New Delhi, May 7 The downturn is prompting Private Equity and Venture Capital funds to look at offbeat sectors, as evident in the spurt in investment interest in education, health and microfinance areas in the past ten months or so.
With traditional favourites such as real-estate, infrastructure and IT drying up, funds are focusing on sectors where the outlook is still upbeat to insulate themselves from segments directly exposed to the global financial market turmoil.
Education, for instance, has caught the fancy of PE fund managers, with high returns, scalability and huge mismatch in supply and demand being the key drivers. PE and VC funds have already made over 30 investments worth $300 million in education-related companies in the past 24-months, with much of the activity coming in the recent months.

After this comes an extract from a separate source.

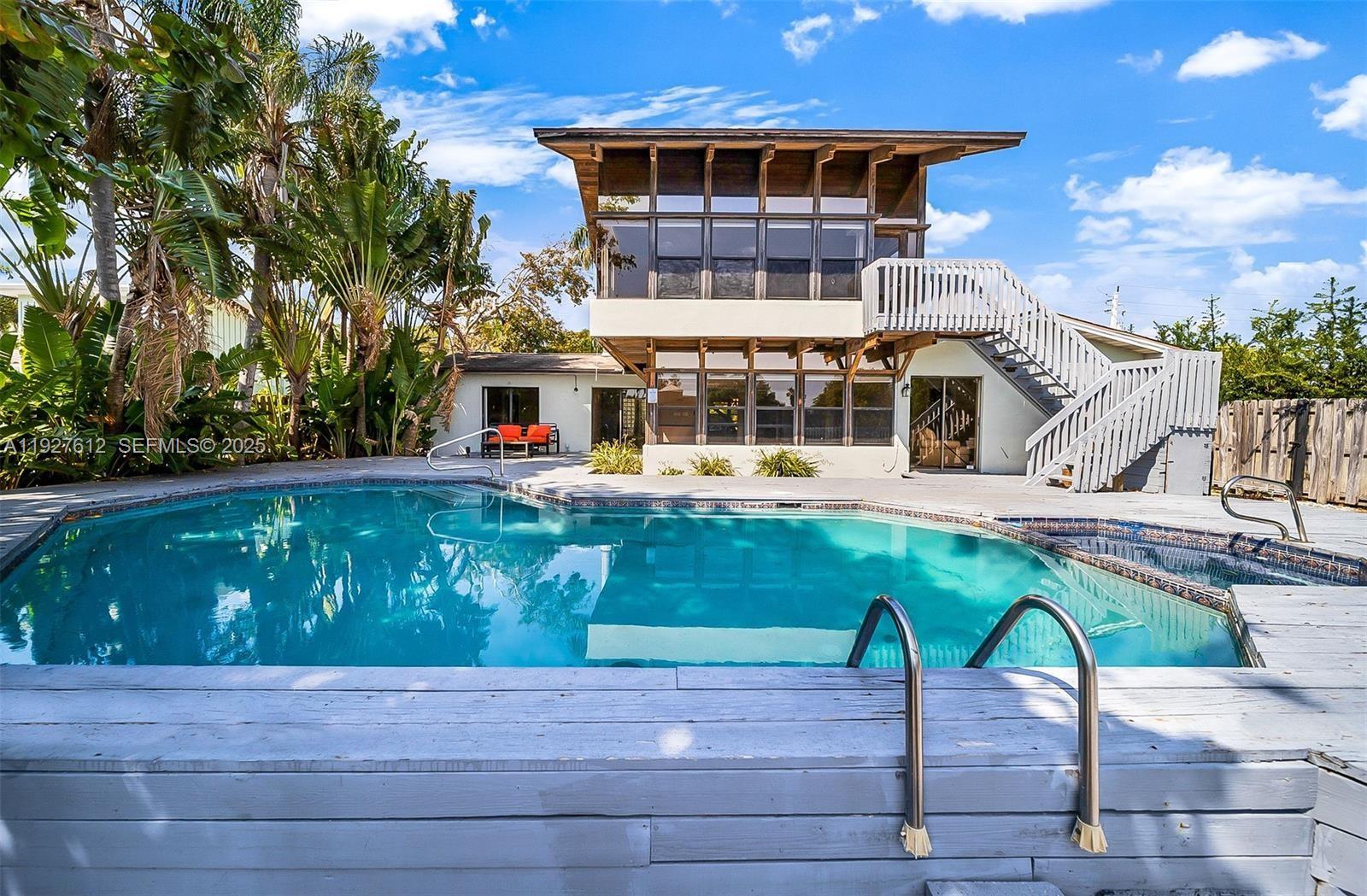 1524 4 / 4 2685 кв.футов $ 2025-12-09 0 Фото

Among the proposals, Religare Venture Capital Ltd announced in April a 50:50 joint venture with a leading PE player, Milestone Capital, for managing a Rs 600-crore Healthcare and Education fund to be raised domestically.
Mr Sunil Godhwani, CEO and Managing Director, Religare, said: “Healthcare and Education are two sectors which we believe are poised for balanced growth and we have the requisite domain expertise on healthcare which we intend to leverage for the larger benefit of investors of the fund.”
A recent poll conducted by Venture Intelligence — a research service focussed on private equity and venture capital — among 90 PE investors found that over 80 per cent of them were interested in investing in education. According to a CLSA Asia Pacific report, India’s education and training sectors offer private institutions an estimated $40-billion market that could grow at about 15 per cent yearly.
Microfinance is another area that has caught the fancy of the funds, with PE players investing around $250 million in the sector in the last two years. The logic is that microfinance is mainly focussed on rural areas, which has been rather insulated from the downturn. Some of the major private equity investments up to March 2009 include SKS Microfinance’s $75- million investment in Sandstone Capital; Share Microfin’s $27-million fund infusion in Aavishkaar Goodwell; Ujjivan Financial Services’ $21-million investment in Unitus, and MAS Financial Services’ $20-million deal with ICICI Venture and FMO.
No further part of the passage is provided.